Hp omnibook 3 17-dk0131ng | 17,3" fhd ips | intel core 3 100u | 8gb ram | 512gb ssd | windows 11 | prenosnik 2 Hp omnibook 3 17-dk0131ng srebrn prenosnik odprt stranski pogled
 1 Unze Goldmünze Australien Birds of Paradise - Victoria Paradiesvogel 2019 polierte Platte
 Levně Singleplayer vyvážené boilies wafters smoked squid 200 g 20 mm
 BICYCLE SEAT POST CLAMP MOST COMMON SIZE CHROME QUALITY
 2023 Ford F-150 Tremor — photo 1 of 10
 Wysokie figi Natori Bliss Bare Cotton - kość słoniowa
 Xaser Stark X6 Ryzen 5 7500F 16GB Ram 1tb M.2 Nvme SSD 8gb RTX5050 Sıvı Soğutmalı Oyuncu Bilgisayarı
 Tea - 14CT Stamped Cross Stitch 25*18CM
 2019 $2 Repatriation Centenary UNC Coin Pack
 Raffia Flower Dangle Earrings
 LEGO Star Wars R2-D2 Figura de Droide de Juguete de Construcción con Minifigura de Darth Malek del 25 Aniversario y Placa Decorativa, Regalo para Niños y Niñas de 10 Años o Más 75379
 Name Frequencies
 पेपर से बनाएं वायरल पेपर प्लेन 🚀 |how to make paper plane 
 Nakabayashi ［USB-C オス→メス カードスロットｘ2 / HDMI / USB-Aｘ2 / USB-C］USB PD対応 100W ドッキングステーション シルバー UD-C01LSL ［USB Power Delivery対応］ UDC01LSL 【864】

Instructions for the task
Every record listed above needs to be written out again exactly.

Answer for the task
Hp omnibook 3 17-dk0131ng | 17,3" fhd ips | intel core 3 100u | 8gb ram | 512gb ssd | windows 11 | prenosnik 2 Hp omnibook 3 17-dk0131ng srebrn prenosnik odprt stranski pogled
 1 Unze Goldmünze Australien Birds of Paradise - Victoria Paradiesvogel 2019 polierte Platte
 Levně Singleplayer vyvážené boilies wafters smoked squid 200 g 20 mm
 BICYCLE SEAT POST CLAMP MOST COMMON SIZE CHROME QUALITY
 2023 Ford F-150 Tremor — photo 1 of 10
 Wysokie figi Natori Bliss Bare Cotton - kość słoniowa
 Xaser Stark X6 Ryzen 5 7500F 16GB Ram 1tb M.2 Nvme SSD 8gb RTX5050 Sıvı Soğutmalı Oyuncu Bilgisayarı
 Tea - 14CT Stamped Cross Stitch 25*18CM
 2019 $2 Repatriation Centenary UNC Coin Pack
 Raffia Flower Dangle Earrings
 LEGO Star Wars R2-D2 Figura de Droide de Juguete de Construcción con Minifigura de Darth Malek del 25 Aniversario y Placa Decorativa, Regalo para Niños y Niñas de 10 Años o Más 75379
 Name Frequencies
 पेपर से बनाएं वायरल पेपर प्लेन 🚀 |how to make paper plane 
 Nakabayashi ［USB-C オス→メス カードスロットｘ2 / HDMI / USB-Aｘ2 / USB-C］USB PD対応 100W ドッキングステーション シルバー UD-C01LSL ［USB Power Delivery対応］ UDC01LSL 【864】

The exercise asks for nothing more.